** Data **
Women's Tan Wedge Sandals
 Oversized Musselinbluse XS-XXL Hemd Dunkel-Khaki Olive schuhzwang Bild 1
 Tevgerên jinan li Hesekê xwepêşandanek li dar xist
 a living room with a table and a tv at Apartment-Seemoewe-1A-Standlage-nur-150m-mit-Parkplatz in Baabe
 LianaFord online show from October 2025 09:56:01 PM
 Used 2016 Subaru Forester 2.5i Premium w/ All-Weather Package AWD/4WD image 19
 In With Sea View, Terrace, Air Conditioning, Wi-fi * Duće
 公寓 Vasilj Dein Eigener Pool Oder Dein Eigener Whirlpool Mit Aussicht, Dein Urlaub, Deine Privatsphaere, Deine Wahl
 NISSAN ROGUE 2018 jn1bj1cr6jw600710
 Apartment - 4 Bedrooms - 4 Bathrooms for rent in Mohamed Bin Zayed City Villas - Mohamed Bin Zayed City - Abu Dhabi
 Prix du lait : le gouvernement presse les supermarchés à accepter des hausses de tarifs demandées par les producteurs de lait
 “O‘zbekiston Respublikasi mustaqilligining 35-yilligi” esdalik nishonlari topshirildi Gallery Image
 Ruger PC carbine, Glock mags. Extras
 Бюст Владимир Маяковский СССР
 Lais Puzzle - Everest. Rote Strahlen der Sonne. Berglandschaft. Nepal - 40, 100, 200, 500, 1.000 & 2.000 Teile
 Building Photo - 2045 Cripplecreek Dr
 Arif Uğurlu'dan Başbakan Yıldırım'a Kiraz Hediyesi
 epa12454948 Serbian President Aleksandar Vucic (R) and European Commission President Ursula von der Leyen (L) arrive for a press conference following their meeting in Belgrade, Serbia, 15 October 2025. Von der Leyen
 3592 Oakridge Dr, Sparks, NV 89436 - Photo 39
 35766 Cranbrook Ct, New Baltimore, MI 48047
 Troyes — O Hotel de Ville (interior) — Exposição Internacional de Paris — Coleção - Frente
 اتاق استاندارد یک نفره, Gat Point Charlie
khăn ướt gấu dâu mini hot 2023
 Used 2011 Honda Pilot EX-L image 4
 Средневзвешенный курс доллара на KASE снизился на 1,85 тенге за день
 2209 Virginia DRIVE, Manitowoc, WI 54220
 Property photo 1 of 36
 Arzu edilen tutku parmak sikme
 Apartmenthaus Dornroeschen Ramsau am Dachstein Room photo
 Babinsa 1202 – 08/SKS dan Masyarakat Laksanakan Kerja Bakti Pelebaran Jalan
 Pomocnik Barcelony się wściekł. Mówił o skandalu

** Your instructions **
Copy the records above exactly.

** Answer for the task **
Women's Tan Wedge Sandals
 Oversized Musselinbluse XS-XXL Hemd Dunkel-Khaki Olive schuhzwang Bild 1
 Tevgerên jinan li Hesekê xwepêşandanek li dar xist
 a living room with a table and a tv at Apartment-Seemoewe-1A-Standlage-nur-150m-mit-Parkplatz in Baabe
 LianaFord online show from October 2025 09:56:01 PM
 Used 2016 Subaru Forester 2.5i Premium w/ All-Weather Package AWD/4WD image 19
 In With Sea View, Terrace, Air Conditioning, Wi-fi * Duće
 公寓 Vasilj Dein Eigener Pool Oder Dein Eigener Whirlpool Mit Aussicht, Dein Urlaub, Deine Privatsphaere, Deine Wahl
 NISSAN ROGUE 2018 jn1bj1cr6jw600710
 Apartment - 4 Bedrooms - 4 Bathrooms for rent in Mohamed Bin Zayed City Villas - Mohamed Bin Zayed City - Abu Dhabi
 Prix du lait : le gouvernement presse les supermarchés à accepter des hausses de tarifs demandées par les producteurs de lait
 “O‘zbekiston Respublikasi mustaqilligining 35-yilligi” esdalik nishonlari topshirildi Gallery Image
 Ruger PC carbine, Glock mags. Extras
 Бюст Владимир Маяковский СССР
 Lais Puzzle - Everest. Rote Strahlen der Sonne. Berglandschaft. Nepal - 40, 100, 200, 500, 1.000 & 2.000 Teile
 Building Photo - 2045 Cripplecreek Dr
 Arif Uğurlu'dan Başbakan Yıldırım'a Kiraz Hediyesi
 epa12454948 Serbian President Aleksandar Vucic (R) and European Commission President Ursula von der Leyen (L) arrive for a press conference following their meeting in Belgrade, Serbia, 15 October 2025. Von der Leyen
 3592 Oakridge Dr, Sparks, NV 89436 - Photo 39
 35766 Cranbrook Ct, New Baltimore, MI 48047
 Troyes — O Hotel de Ville (interior) — Exposição Internacional de Paris — Coleção - Frente
 اتاق استاندارد یک نفره, Gat Point Charlie
khăn ướt gấu dâu mini hot 2023
 Used 2011 Honda Pilot EX-L image 4
 Средневзвешенный курс доллара на KASE снизился на 1,85 тенге за день
 2209 Virginia DRIVE, Manitowoc, WI 54220
 Property photo 1 of 36
 Arzu edilen tutku parmak sikme
 Apartmenthaus Dornroeschen Ramsau am Dachstein Room photo
 Babinsa 1202 – 08/SKS dan Masyarakat Laksanakan Kerja Bakti Pelebaran Jalan
 Pomocnik Barcelony się wściekł. Mówił o skandalu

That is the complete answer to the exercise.